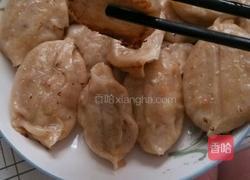 水煎包的做法图解3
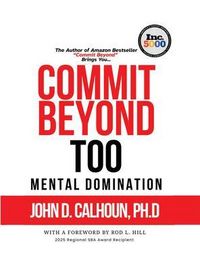 Produktbild: Commit Beyond TOO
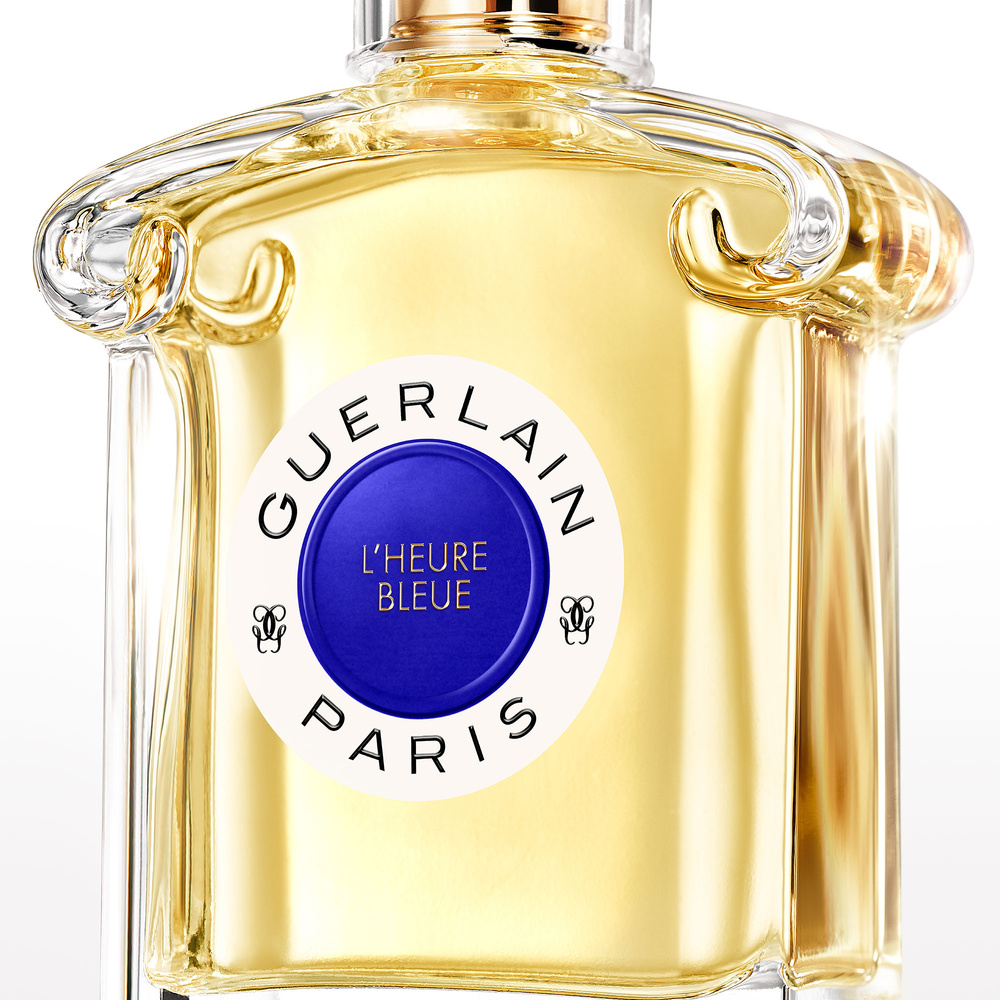 Guerlain L'Heure Bleue Eau de Parfum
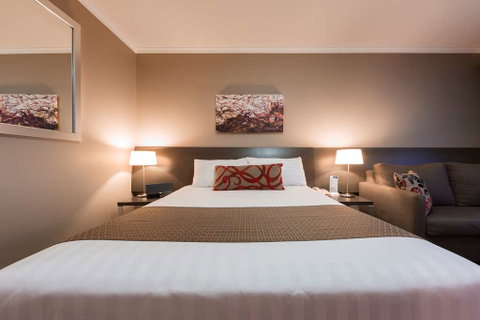 Pavilion on Northbourne - Hotel Accommodation 5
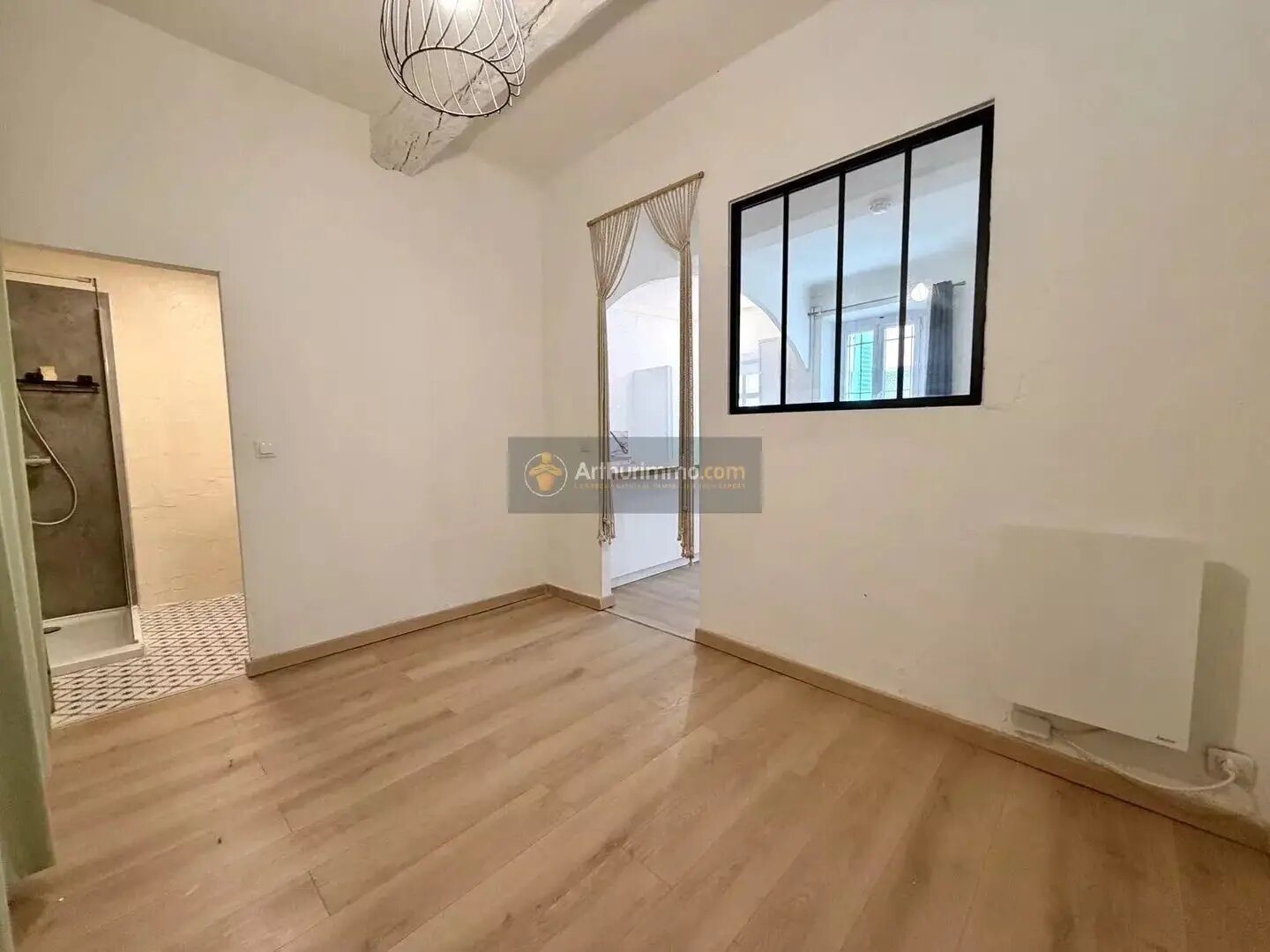Appartement à vendre, 32m², Fréjus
· · · ·
• WORK TASK: Leaving the pictures aside, output each entry above exactly as written.

• TASK RESULT:
 水煎包的做法图解3
 Produktbild: Commit Beyond TOO
 Guerlain L'Heure Bleue Eau de Parfum
 Pavilion on Northbourne - Hotel Accommodation 5
Appartement à vendre, 32m², Fréjus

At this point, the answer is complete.